### INPUT DATA
■ ■ ■

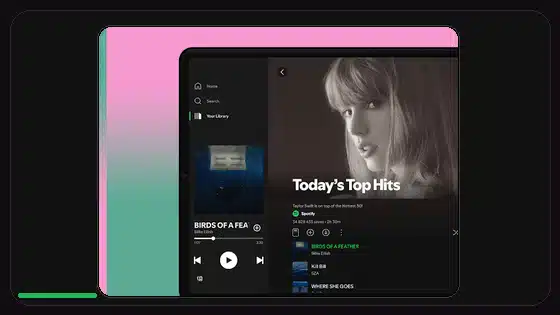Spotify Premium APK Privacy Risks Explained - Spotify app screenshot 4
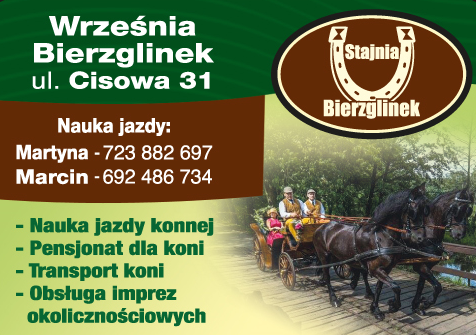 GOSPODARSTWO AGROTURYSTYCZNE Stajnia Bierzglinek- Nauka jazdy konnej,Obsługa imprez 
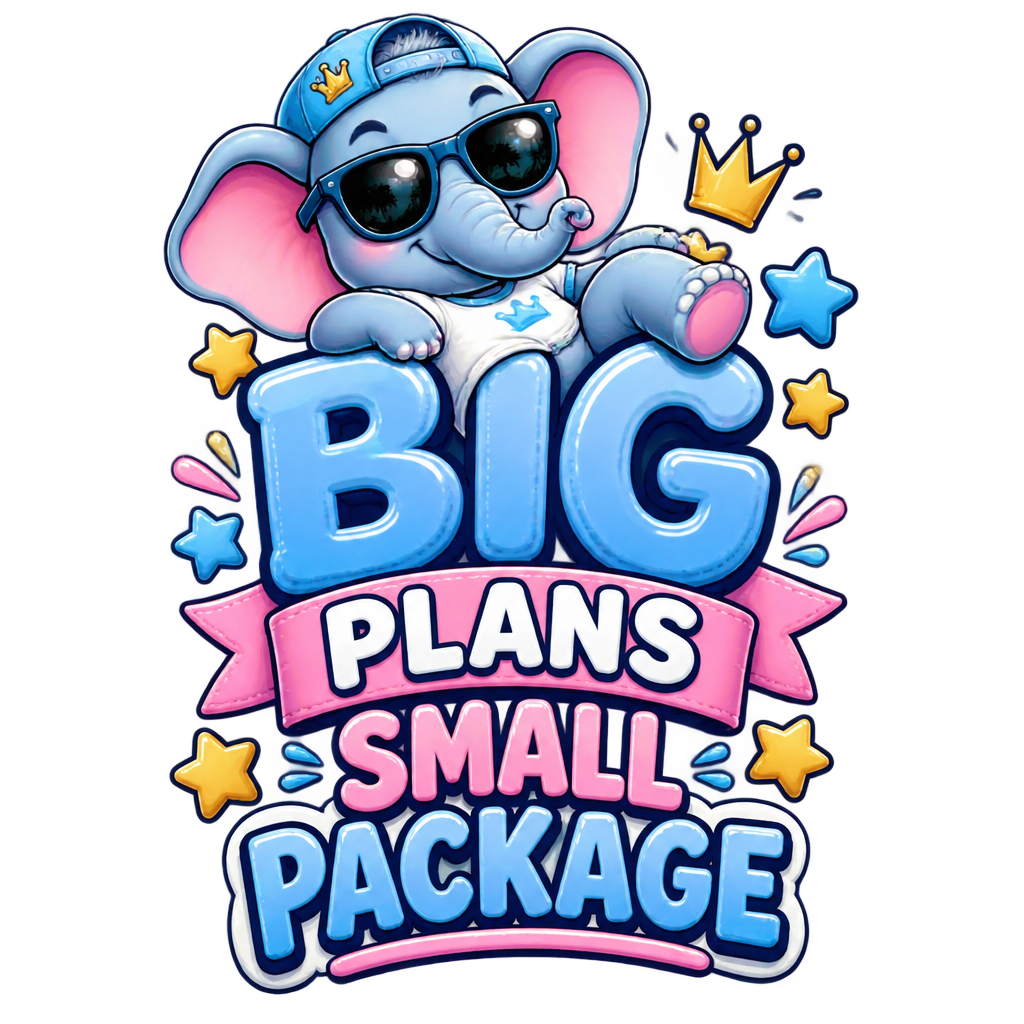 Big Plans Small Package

■ ■ ■

### WHAT THE TASK ASKS
What is needed is every line from the one with "GOSPODARSTWO AGROTURYSTYCZNE Stajnia" to the final line of the listing above, set down exactly and with the pictures left out.

### SOLVED PROBLEM
 GOSPODARSTWO AGROTURYSTYCZNE Stajnia Bierzglinek- Nauka jazdy konnej,Obsługa imprez 
 Big Plans Small Package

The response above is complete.